* _Your instructions_:
Read through the records below and copy each line that uses the word "chatting".

* _Source material_:
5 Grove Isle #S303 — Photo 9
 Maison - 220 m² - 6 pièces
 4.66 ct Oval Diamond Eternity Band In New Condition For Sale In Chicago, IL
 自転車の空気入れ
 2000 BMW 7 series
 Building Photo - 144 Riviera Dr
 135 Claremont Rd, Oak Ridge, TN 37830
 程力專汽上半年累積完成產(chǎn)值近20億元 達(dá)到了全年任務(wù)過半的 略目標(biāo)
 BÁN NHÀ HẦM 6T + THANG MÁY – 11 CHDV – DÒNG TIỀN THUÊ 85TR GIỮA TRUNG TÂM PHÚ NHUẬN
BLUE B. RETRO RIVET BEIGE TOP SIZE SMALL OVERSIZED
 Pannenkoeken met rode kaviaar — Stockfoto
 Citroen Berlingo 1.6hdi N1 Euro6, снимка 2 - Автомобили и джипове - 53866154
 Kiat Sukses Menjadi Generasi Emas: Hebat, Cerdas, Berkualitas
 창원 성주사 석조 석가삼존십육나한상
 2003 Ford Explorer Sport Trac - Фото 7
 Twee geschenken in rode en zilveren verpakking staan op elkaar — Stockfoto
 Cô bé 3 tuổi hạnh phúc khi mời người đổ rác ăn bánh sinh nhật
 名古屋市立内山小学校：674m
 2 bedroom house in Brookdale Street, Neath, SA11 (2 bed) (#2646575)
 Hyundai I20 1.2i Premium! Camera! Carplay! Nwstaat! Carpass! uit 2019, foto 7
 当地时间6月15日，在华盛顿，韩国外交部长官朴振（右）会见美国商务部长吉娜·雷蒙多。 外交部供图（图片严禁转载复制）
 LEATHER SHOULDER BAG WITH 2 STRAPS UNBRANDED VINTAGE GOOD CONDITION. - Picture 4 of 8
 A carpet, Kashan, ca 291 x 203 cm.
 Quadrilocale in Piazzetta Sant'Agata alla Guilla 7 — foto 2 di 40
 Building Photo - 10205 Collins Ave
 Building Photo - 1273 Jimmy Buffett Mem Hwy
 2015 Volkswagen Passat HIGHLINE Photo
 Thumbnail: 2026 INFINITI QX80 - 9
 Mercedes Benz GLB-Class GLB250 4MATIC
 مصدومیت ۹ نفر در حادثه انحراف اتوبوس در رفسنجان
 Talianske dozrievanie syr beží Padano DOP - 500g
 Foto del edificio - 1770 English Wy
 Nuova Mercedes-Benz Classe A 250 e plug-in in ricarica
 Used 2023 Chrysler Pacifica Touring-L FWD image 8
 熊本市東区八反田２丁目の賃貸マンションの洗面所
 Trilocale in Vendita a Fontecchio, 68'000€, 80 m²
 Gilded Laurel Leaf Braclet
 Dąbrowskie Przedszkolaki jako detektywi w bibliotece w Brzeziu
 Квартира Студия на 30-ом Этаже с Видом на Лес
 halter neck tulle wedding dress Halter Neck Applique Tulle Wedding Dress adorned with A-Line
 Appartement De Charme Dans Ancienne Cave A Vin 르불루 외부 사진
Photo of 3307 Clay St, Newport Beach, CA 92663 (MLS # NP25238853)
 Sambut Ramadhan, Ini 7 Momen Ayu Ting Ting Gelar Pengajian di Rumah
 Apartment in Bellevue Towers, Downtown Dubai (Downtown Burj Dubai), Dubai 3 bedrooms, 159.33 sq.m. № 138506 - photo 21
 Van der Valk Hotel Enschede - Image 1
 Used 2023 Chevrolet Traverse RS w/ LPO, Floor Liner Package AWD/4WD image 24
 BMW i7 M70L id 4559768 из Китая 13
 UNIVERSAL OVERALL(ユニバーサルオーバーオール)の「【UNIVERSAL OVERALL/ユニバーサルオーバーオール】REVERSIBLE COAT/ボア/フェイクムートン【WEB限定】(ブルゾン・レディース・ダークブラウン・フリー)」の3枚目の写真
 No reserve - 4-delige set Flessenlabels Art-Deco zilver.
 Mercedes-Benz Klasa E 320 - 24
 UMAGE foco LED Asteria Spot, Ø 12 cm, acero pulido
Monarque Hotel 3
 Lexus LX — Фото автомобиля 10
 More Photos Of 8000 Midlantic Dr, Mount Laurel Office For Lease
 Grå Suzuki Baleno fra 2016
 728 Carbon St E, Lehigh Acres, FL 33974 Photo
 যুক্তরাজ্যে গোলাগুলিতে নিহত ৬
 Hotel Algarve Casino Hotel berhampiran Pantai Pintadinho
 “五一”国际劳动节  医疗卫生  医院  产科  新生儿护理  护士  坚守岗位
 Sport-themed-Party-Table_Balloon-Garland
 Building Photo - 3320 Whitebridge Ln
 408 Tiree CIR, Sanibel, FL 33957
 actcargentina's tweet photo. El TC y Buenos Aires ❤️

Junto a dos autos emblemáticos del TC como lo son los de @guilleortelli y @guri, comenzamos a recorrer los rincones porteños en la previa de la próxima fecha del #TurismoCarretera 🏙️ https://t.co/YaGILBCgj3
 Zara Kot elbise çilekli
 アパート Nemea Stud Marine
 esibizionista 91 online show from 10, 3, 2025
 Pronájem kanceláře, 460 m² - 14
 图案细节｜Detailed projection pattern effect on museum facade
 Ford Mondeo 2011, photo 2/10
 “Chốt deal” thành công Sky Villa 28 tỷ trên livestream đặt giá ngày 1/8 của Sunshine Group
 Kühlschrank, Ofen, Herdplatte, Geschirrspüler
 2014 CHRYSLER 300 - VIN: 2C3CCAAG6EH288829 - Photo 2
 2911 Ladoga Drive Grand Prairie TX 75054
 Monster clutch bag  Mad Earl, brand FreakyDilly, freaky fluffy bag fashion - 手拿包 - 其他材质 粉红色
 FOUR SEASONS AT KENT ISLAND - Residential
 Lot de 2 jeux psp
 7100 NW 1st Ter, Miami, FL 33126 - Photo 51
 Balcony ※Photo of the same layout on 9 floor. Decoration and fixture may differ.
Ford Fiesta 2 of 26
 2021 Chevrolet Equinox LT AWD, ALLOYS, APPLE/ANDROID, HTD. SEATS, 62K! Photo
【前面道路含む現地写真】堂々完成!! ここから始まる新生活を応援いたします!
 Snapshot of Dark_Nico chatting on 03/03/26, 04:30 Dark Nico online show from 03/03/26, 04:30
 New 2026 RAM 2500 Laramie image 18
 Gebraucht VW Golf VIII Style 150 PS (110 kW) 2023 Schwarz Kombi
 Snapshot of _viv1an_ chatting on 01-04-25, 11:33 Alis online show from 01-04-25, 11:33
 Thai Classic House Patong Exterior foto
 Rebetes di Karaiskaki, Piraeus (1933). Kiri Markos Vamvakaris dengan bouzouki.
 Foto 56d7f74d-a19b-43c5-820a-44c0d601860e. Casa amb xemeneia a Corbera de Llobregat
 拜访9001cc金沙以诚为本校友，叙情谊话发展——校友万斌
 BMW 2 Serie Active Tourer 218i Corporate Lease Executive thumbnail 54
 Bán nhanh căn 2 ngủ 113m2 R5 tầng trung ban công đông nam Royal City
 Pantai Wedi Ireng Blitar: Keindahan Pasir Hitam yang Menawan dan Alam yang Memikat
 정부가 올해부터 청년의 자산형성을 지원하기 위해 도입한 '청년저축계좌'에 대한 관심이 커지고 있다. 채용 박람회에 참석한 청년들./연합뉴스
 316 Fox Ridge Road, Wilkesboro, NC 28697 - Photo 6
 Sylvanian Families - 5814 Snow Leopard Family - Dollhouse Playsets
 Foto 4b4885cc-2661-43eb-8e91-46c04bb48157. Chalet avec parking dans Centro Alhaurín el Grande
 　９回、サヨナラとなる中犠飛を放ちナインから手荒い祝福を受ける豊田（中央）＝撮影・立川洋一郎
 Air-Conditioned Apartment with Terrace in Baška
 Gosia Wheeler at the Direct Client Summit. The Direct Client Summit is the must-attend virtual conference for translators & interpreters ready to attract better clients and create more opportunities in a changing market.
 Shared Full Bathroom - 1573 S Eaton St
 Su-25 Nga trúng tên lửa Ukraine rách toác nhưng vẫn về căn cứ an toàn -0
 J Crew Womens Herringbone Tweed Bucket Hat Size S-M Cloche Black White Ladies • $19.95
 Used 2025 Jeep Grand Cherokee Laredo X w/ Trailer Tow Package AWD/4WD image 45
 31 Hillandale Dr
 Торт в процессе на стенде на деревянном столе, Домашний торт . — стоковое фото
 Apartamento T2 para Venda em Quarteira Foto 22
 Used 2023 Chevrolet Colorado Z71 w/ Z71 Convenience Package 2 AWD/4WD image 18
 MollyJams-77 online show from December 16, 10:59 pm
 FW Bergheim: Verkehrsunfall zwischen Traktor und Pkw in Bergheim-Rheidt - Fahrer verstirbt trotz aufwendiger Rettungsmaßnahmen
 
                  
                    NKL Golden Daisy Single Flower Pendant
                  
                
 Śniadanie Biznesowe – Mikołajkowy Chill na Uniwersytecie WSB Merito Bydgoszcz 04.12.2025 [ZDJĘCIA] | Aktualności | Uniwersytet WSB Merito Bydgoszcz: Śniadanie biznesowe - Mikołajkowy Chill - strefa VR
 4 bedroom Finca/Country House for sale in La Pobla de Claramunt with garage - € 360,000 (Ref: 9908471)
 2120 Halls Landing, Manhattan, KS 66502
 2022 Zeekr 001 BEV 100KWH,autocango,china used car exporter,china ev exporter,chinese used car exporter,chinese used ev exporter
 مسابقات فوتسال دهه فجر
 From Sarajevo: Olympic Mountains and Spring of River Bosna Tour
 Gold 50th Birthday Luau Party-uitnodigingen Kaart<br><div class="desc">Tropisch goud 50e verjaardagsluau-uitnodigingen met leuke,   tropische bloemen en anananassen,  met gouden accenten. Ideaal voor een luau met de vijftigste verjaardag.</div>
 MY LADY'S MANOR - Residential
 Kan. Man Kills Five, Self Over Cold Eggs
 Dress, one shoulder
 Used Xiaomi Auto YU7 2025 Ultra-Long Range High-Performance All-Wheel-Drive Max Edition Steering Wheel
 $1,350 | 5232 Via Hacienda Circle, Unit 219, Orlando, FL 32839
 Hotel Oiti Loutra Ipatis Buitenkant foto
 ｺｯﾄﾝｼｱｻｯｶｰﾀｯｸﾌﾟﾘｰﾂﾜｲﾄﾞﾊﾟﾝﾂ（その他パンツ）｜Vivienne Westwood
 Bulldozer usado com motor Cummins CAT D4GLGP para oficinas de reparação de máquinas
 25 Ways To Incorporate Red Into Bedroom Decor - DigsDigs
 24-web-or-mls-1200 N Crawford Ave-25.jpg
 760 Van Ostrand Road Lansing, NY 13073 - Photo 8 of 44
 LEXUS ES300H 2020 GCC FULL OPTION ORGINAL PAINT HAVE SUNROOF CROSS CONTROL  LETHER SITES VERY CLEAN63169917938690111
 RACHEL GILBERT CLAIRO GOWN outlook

* _Result of this task_:
 Snapshot of Dark_Nico chatting on 03/03/26, 04:30 Dark Nico online show from 03/03/26, 04:30
 Snapshot of _viv1an_ chatting on 01-04-25, 11:33 Alis online show from 01-04-25, 11:33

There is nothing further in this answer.